The Semantic Web faces much the same conundrum.

Simply put, the idea behind the Semantic Web is to give data more meaning through the use of metadata , the data about data, which describes how and when and by whom a particular set of data was collected, and how the data is formatted. By adding metadata to the existing Web, the Semantic Web will allow both humans and machines to find and make use of data in ways that previously haven't been possible.

"The Semantic Web is just mechanical data," Berners-Lee said. "It's like a great big database."

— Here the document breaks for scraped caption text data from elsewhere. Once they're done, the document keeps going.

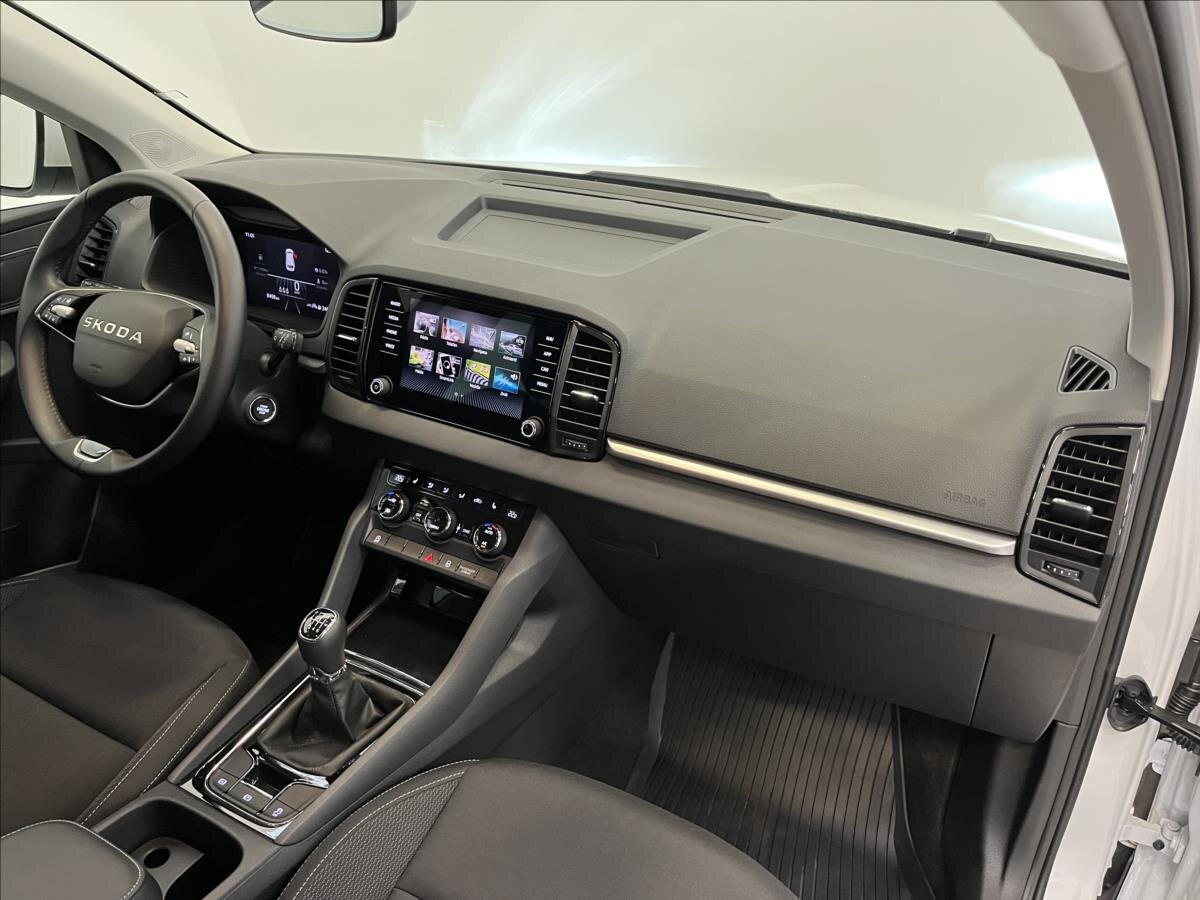 Škoda Karoq SUV 1,5 l 110 kw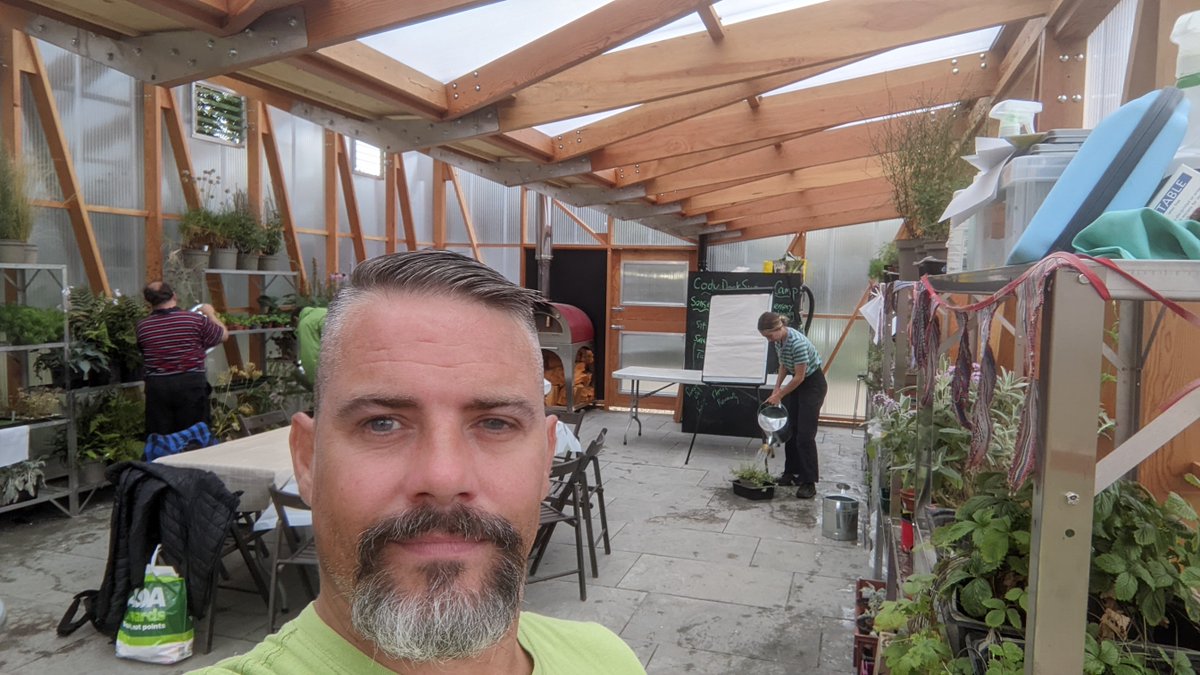I am pleased to announce that we have now collaborated with @CodyDock. ‘The Cody Dock Waterers’ meet on Friday mornings to help them maintain their beautiful gardens. Our first session went well and everyone was excited to be involved and part of this historic site. @NHS_ELFT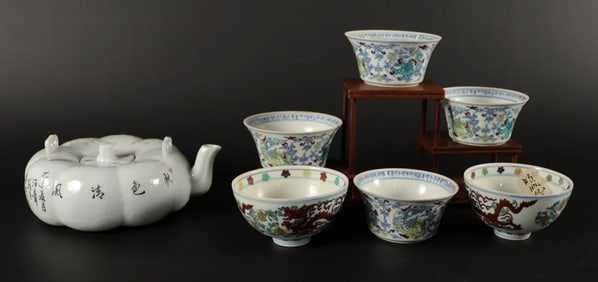Lots Chinese cups and teapot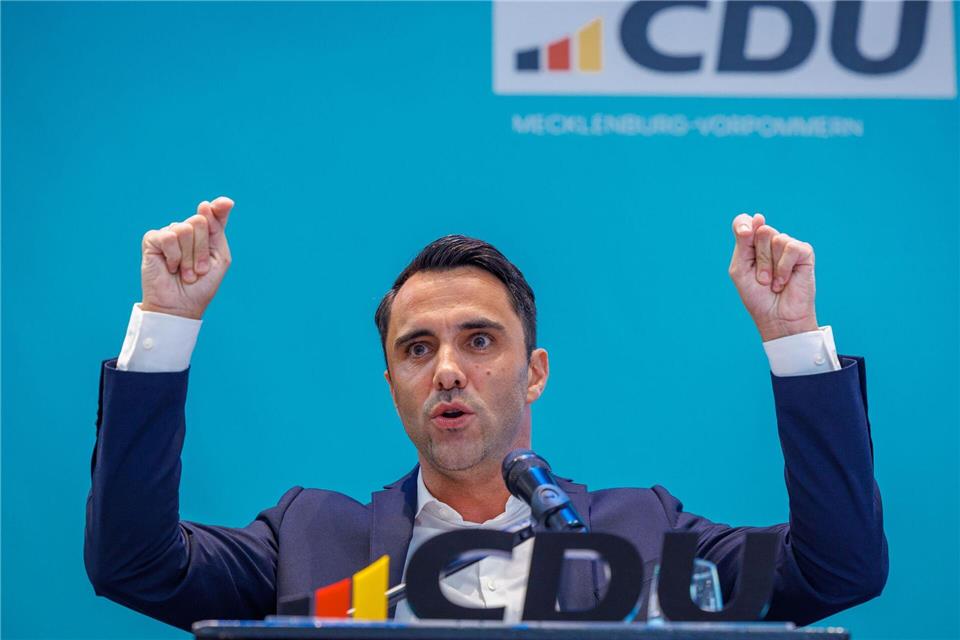 CDU-Partei- und Fraktionschef Daniel Peters ist auch Spitzenkandidat seiner Partei für die Landtagswahl am 20. September. Jens Büttner/dpa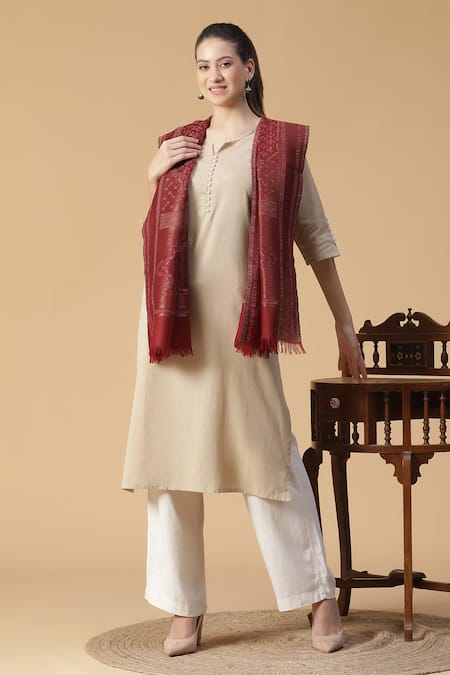 Shingora Nagma Woolen Frayed Edge Stole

For instance, he explained, consider an event listing on the Web for a lecture. It would include data like the location, start time, end time, the speaker, a phone number to call for more information and so on. But the data is fairly static. It can be read by humans, but not by machines. However, metadata could be applied to those datapoints which identify to machines what they are. Then an interested party could click to attend the event, and whatever calendaring application that person uses could immediately schedule the event in the planner, denoting where it is, what time it will start and what time it will end, and who will be speaking. It could provide a map to get the person to that event, and supply information about the speaker.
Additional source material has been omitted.